_What you have to do_
Could you restate word for word the lines running from the one with "Pemberly Row 3-Pc" to the end of the data, both ends included, but without pictures?

_Data items_
►

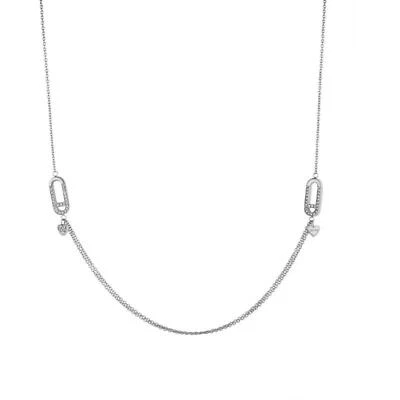 Collana Donna LIUJO LJ1399 in Acciaio con Accessori Zirconati 60cm - Immagine 1 di 3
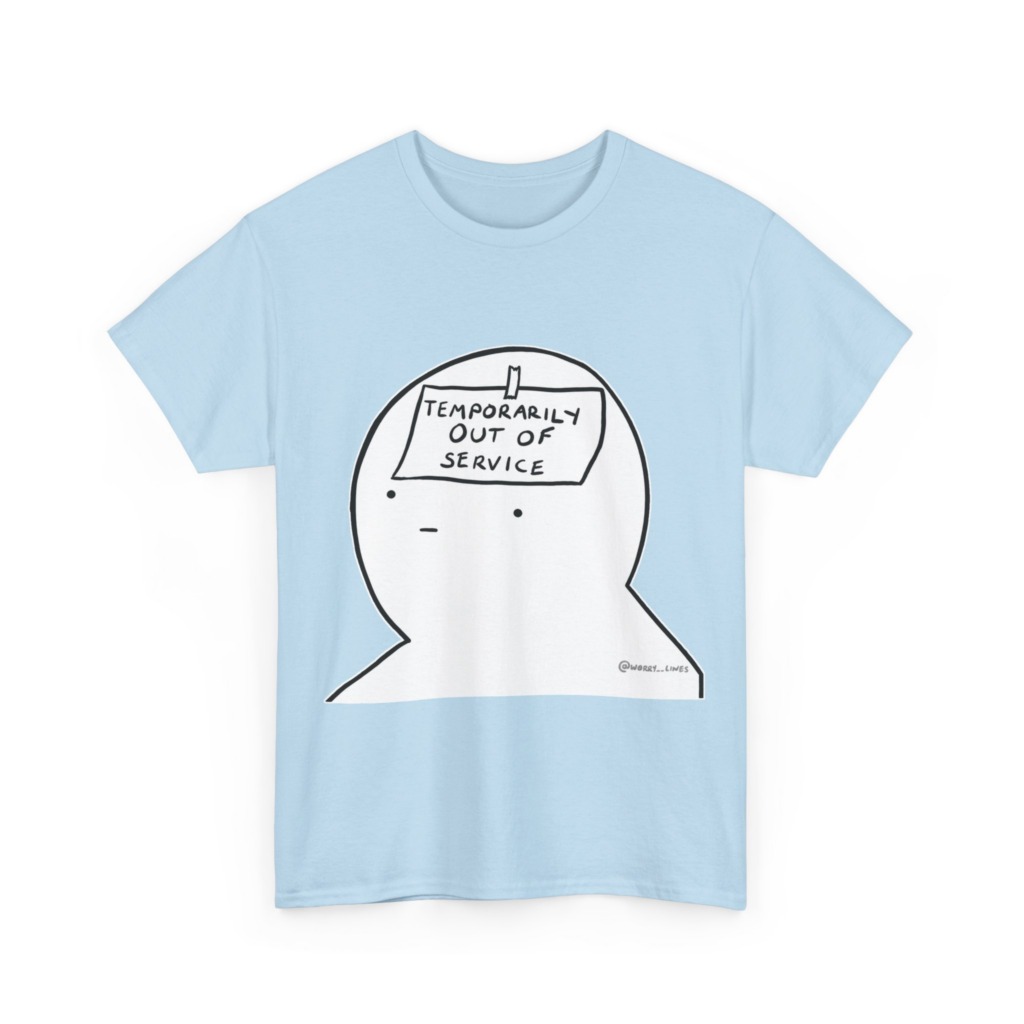 Graphic T-Shirt: Temporarily Out of Service Head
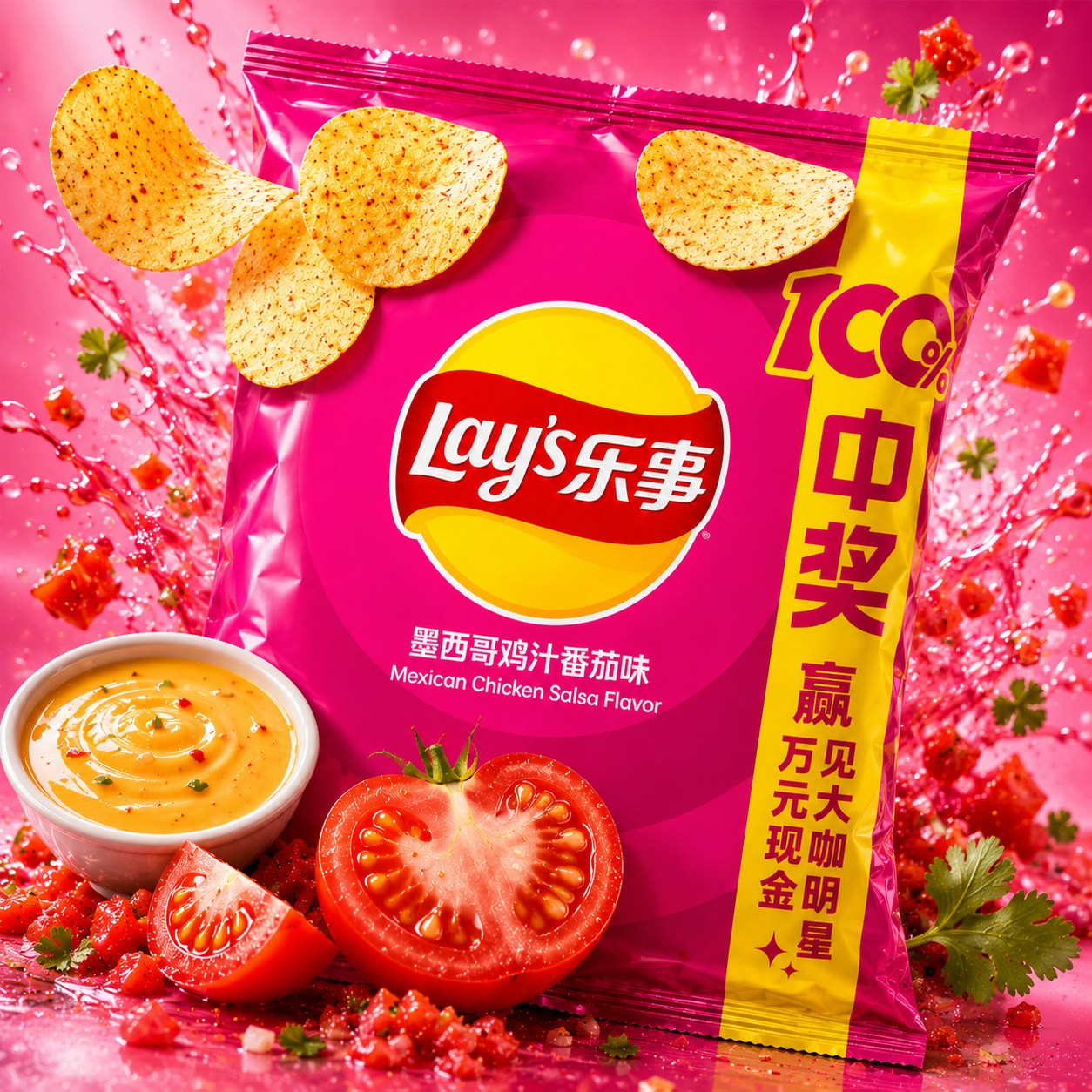 Lays Mexican Chicken Tomato 2.46 oz (TAIWAN)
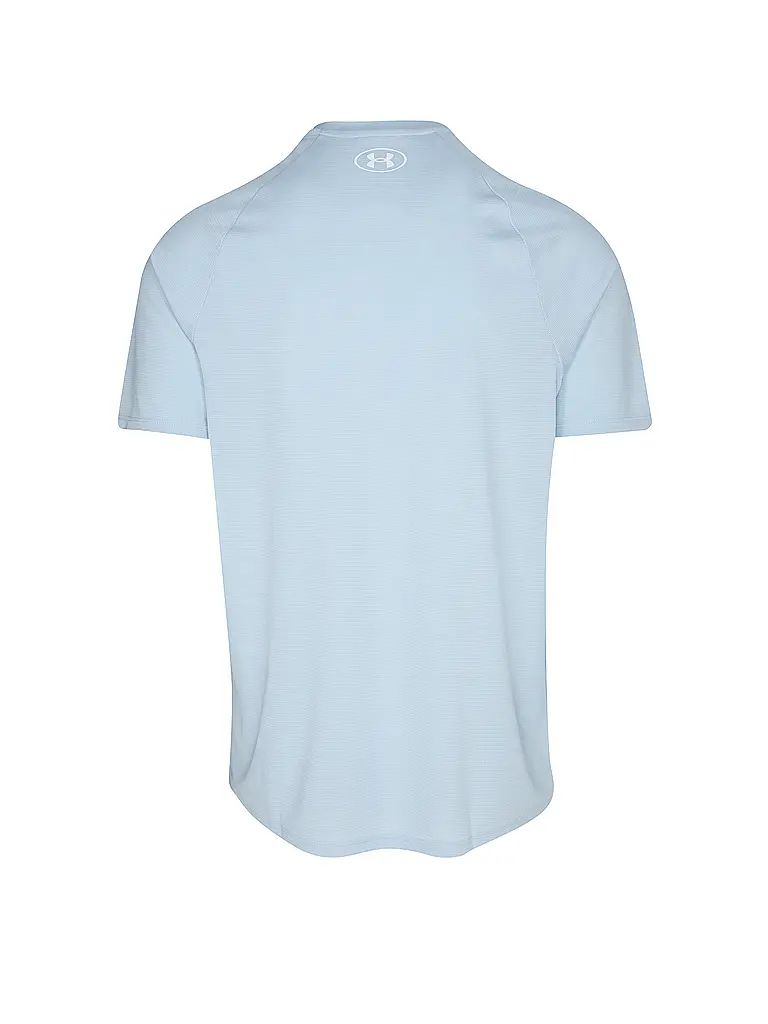 UNDER ARMOUR | Camiseta de fitness para hombre UA Tech™ estructurada | Azul claro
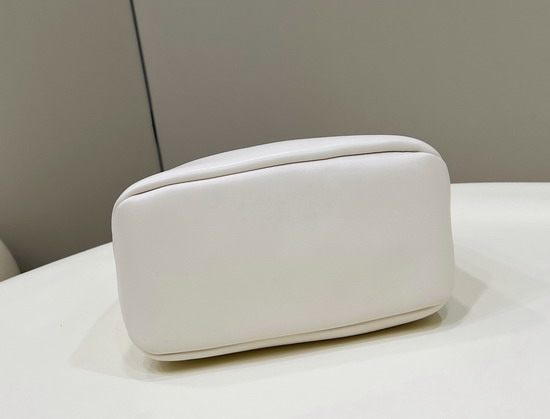 Fendi Peekaboo Iconic XS White Leather Bag Replica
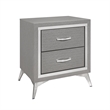 Pemberly Row 3-Pc Wood Bedroom Set with Dresser in Gray Finish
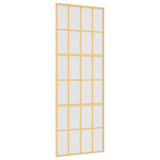 Vidaxl schuifdeur 76x205 cm mat esg-glas en aluminium goudkleurig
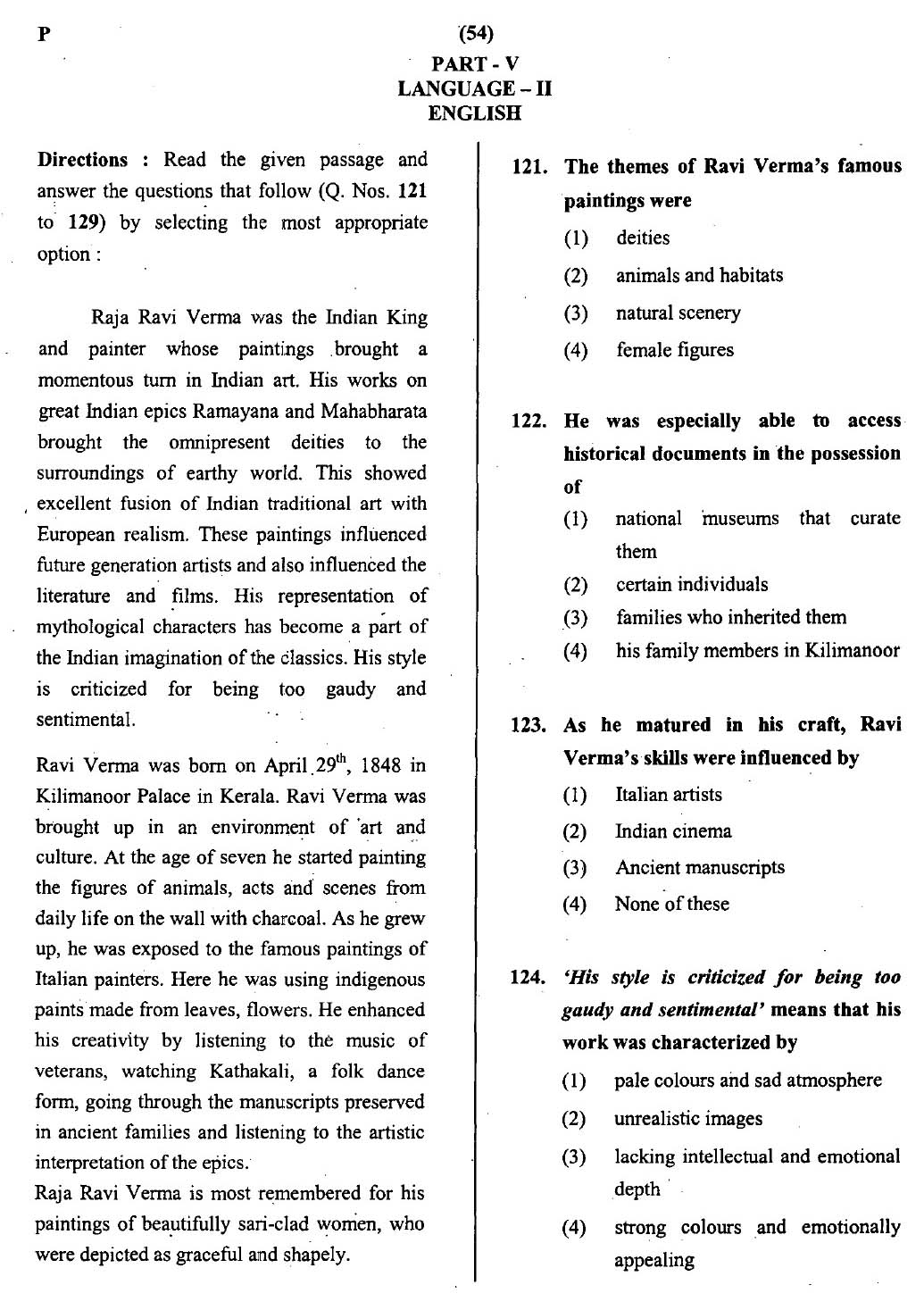 CTET July 2013 Paper 2 Part V Language II English 1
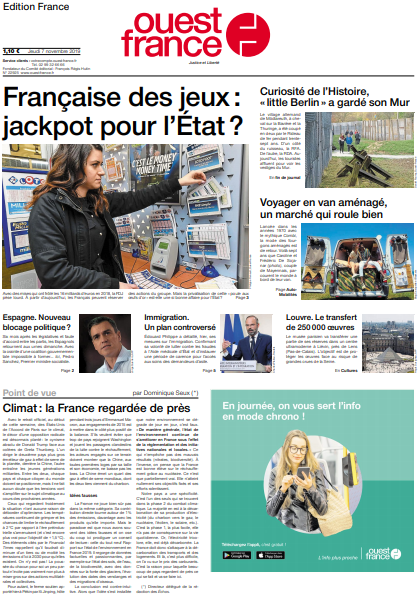 Ouest-France Édition France Du Jeudi 7 Novembre 2019
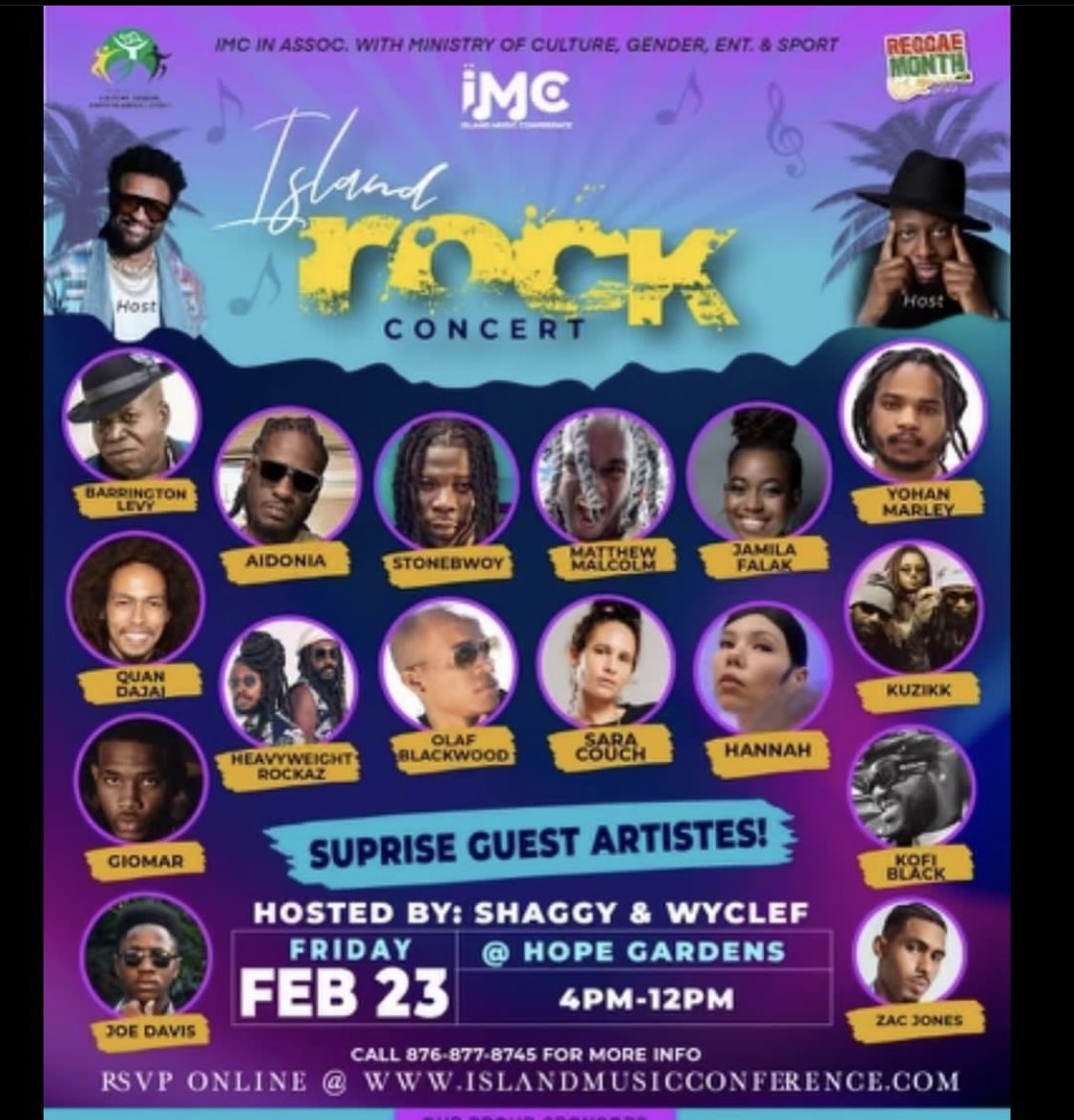 Stonebwoy will be performing live at the 'Island Rock Concert' in Jamaica on February 23rd, along with Yohan Marley, Barrington Levy, Aidonia, and other notable music crooners.
#BhimNationGlobal 🌎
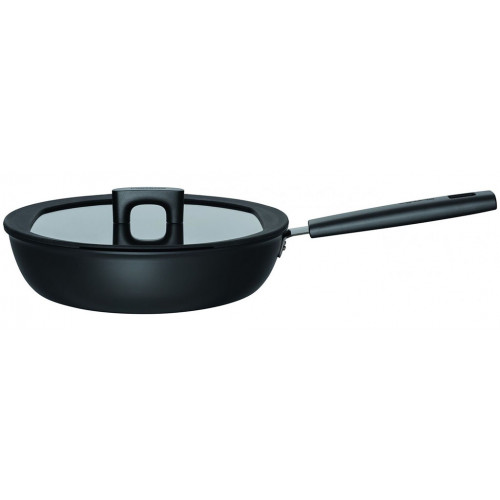 Fiskars Hard Face Sauteuse, 24cm avec couvercle 1052230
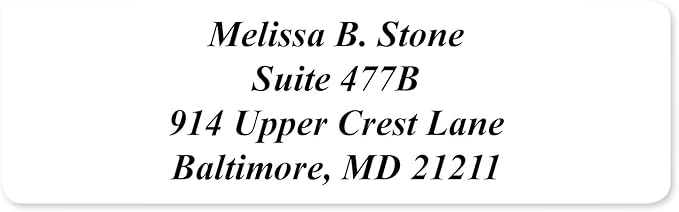 White Personalized Return Address Labels - Image 5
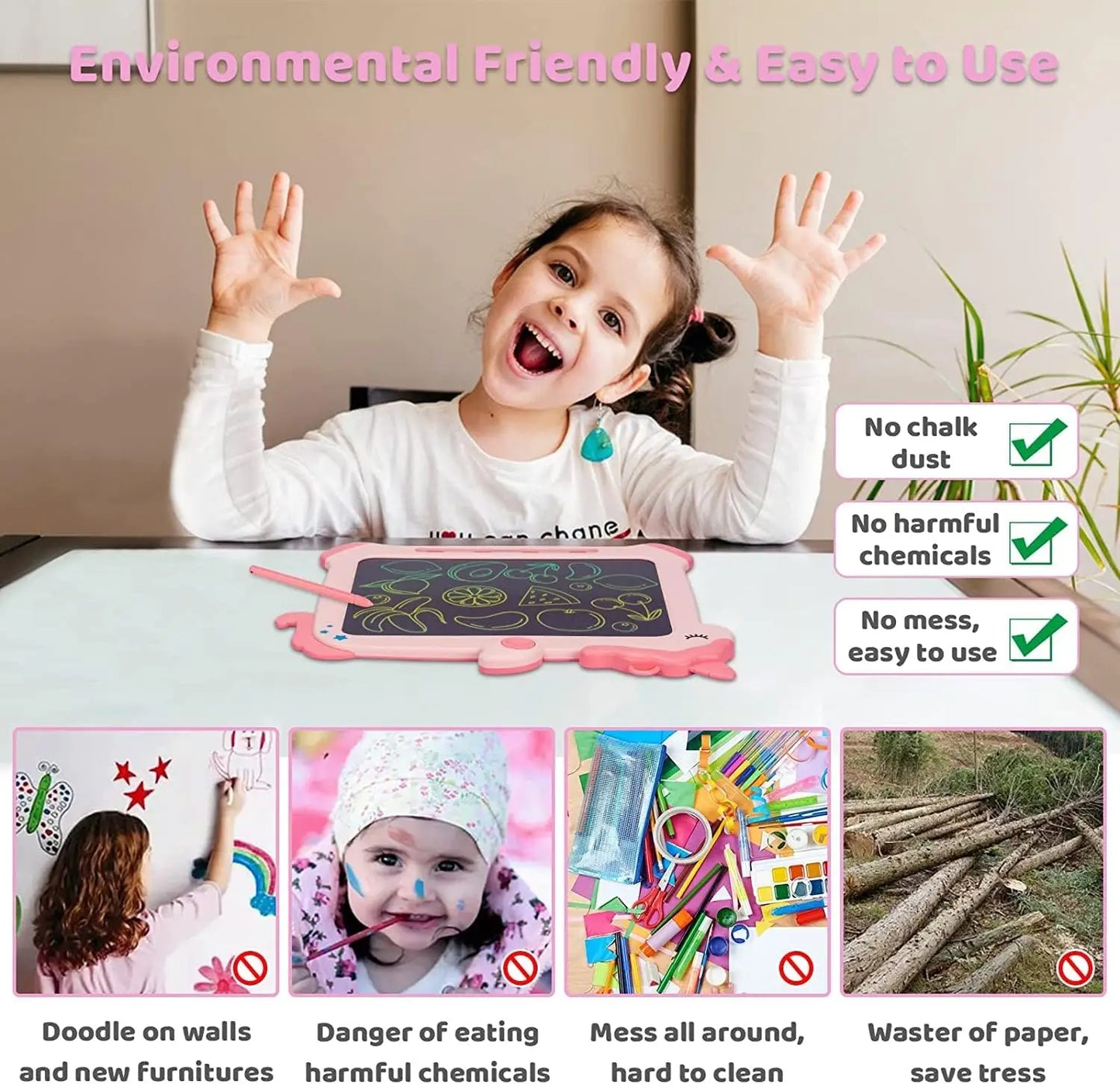 Educational Unicorn LCD Writing Tablet for Kids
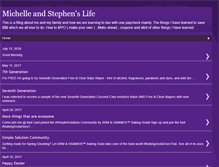 Tablet Screenshot of michelleandstephen2005.blogspot.com
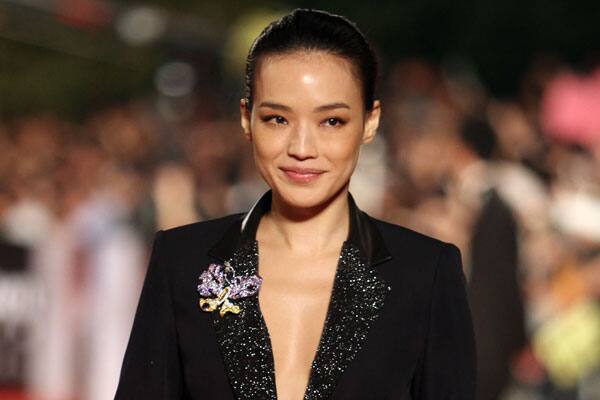 Taiwanese actress Shu Qi arrives at the 48th Golden Horse Awards.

◄

_Task output_
 Pemberly Row 3-Pc Wood Bedroom Set with Dresser in Gray Finish
 Vidaxl schuifdeur 76x205 cm mat esg-glas en aluminium goudkleurig
 CTET July 2013 Paper 2 Part V Language II English 1
 Ouest-France Édition France Du Jeudi 7 Novembre 2019
 Stonebwoy will be performing live at the 'Island Rock Concert' in Jamaica on February 23rd, along with Yohan Marley, Barrington Levy, Aidonia, and other notable music crooners.
#BhimNationGlobal 🌎
 Fiskars Hard Face Sauteuse, 24cm avec couvercle 1052230
 White Personalized Return Address Labels - Image 5
 Educational Unicorn LCD Writing Tablet for Kids
 Tablet Screenshot of michelleandstephen2005.blogspot.com
 Taiwanese actress Shu Qi arrives at the 48th Golden Horse Awards.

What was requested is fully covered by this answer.